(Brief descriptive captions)

☆ ☆ ☆ ☆ ☆

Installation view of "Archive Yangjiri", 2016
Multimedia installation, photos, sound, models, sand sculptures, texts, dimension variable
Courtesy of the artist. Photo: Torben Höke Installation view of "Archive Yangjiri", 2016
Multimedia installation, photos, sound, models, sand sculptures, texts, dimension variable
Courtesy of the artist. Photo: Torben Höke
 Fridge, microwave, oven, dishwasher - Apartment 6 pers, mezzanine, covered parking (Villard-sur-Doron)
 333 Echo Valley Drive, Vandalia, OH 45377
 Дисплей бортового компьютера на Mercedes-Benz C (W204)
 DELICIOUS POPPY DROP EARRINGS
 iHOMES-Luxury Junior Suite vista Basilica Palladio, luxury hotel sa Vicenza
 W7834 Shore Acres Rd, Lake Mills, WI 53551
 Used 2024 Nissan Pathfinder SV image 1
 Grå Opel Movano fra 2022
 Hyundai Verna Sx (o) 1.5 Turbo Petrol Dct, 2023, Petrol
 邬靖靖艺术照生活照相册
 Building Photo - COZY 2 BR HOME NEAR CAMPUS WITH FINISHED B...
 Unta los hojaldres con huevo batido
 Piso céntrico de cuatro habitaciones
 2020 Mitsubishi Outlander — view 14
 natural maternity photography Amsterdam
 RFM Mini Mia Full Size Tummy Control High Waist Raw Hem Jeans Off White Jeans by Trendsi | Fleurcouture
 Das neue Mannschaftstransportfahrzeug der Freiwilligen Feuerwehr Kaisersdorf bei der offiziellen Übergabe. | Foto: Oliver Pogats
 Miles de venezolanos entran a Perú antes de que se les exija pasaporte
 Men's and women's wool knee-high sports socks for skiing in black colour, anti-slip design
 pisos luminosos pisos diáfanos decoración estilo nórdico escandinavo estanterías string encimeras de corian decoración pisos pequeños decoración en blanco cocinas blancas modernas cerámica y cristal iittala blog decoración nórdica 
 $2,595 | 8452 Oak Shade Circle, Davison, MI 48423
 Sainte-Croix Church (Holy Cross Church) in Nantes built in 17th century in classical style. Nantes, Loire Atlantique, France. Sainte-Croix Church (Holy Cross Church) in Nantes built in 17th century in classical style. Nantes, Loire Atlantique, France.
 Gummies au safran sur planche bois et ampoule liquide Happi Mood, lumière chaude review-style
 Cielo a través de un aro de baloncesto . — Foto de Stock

☆ ☆ ☆ ☆ ☆

▶ **WHAT THE EXERCISE ASKS**
Answer with the number alone: how many lines in the records include the word "Höke"?

▶ **ANSWER BOX**
2